• Dataset records:
--*--

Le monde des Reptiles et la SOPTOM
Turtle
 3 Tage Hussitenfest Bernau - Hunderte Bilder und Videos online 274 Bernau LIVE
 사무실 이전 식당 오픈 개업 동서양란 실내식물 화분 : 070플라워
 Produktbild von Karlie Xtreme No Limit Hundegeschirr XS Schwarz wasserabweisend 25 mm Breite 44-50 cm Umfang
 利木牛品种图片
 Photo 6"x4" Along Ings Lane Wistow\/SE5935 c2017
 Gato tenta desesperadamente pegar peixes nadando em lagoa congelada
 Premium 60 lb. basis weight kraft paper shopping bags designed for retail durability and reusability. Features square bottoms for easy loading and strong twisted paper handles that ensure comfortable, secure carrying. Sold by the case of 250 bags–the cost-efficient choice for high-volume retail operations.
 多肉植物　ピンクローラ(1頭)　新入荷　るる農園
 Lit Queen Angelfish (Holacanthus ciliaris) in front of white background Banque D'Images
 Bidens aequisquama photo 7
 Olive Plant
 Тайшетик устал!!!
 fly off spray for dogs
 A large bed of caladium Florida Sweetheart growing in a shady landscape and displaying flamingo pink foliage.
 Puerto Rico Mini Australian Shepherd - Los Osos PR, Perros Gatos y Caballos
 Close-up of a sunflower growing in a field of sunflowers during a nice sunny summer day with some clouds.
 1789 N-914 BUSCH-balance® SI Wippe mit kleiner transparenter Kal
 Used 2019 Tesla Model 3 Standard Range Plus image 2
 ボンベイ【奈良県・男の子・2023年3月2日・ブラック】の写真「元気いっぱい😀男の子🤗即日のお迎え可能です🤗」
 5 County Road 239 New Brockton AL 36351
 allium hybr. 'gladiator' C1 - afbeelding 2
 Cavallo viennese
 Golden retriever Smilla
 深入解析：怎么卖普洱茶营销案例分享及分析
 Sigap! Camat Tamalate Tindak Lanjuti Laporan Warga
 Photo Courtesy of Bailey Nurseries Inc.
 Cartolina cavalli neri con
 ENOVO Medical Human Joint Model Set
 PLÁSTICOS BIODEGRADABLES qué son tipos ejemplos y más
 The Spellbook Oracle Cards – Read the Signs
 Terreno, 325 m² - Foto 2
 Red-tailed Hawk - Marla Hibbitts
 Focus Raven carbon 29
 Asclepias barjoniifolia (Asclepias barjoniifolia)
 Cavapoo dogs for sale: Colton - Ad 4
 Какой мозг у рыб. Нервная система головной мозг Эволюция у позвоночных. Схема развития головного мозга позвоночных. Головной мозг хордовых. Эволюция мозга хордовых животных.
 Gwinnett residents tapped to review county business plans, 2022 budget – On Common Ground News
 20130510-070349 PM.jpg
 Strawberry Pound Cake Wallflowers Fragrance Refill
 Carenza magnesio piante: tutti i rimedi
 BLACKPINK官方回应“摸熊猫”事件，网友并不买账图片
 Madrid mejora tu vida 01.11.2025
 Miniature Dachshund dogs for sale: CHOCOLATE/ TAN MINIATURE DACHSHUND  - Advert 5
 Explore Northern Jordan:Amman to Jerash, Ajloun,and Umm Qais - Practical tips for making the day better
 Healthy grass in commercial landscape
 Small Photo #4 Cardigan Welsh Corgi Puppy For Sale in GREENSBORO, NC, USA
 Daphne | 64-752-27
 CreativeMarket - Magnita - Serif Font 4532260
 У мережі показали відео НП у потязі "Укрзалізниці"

--*--

• Directions for this task: Report the number of lines in the material above that contain "growing". Nothing else is wanted.

• Answer box: 2